En la cámara de secado, la humedad que no se elimina por completo puede causar problemas como la formación de puentes microscópicos entre las capas del circuito. Esto solo se detecta semanas después, cuando disminuye la tasa de éxito en la producción. Hemos diseñado nuestro calentador infrarrojo precisamente para evitar estos problemas: con un control térmico estricto, sin margen para desviaciones, y con alta repetibilidad en los resultados.
Lo que realmente importa desde el punto de vista técnico Utilizamos emisores de infrarrojos de onda corta con respuesta rápida. En obleas de 200 mm y 300 mm, se logra una uniformidad dentro de ±0.1°C. La repetibilidad de la temperatura durante el proceso de secado es de ±0.2°C, lo que permite que el proceso de secado y curado del fotolito se realice con precisión, sin necesidad de ajustes constantes.
El calentador funciona en salas limpias de clase 1–100, donde no hay generación de partículas, algo que se verifica mediante monitoreo en tiempo real. El consumo de energía se ajusta según las especificaciones del proceso, y los perfiles térmicos se repiten dentro de 10 ms. Esto protege las capas finas del circuito de las tensiones térmicas.
Por qué este sistema es ideal para el procesamiento de circuitos integrados para controladores de pantalla Las capas del circuito son muy sensibles: dieléctricos de baja constante dieléctrica, metales finos, distancias reducidas entre las capas. Por eso, el control térmico debe ser muy preciso. Con nuestro sistema de infrarrojos, el rendimiento del fotolito se mantiene estable. Se reducen las necesidades de re trabajo, y el cambio de uno a otro producto se realiza de manera más eficiente, ya que se elimina la necesidad de tiempos de calentamiento prolongados.
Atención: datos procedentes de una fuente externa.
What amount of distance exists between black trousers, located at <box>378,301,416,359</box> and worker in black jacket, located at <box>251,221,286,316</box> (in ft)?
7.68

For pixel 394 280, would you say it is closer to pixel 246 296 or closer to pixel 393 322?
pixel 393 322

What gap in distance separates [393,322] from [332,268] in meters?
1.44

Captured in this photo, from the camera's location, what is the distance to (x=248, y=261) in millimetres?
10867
El secado de las obleas se realiza de manera uniforme, lo que reduce la densidad de defectos y estabiliza el proceso de litografía. Como resultado, se obtiene un mejor control de las dimensiones críticas del circuito, menos errores en la focalización, y un proceso predecible de turno en turno.
Cosas que deben saber antes de implementarlo El calentador se integra en las plataformas de secado existentes, pero es necesario mantener una alineación precisa. La distancia entre el emisor y la oblea debe mantenerse dentro de ±0.5 mm para garantizar la uniformidad.
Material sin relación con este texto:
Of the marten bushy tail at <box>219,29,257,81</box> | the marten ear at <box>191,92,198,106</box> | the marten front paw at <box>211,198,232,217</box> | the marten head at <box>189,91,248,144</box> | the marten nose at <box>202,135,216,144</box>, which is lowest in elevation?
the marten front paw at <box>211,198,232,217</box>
Es importante adaptar la masa térmica del soporte utilizado y la emisividad de la cara posterior de la oblea. Es necesario realizar pruebas preliminares para determinar los tiempos de calentamiento adecuados. Una vez configurado, el sistema puede funcionar 24/7 con mínima mantenimiento. Las lámparas pueden funcionar durante más de 5,000 horas con un rendimiento estable.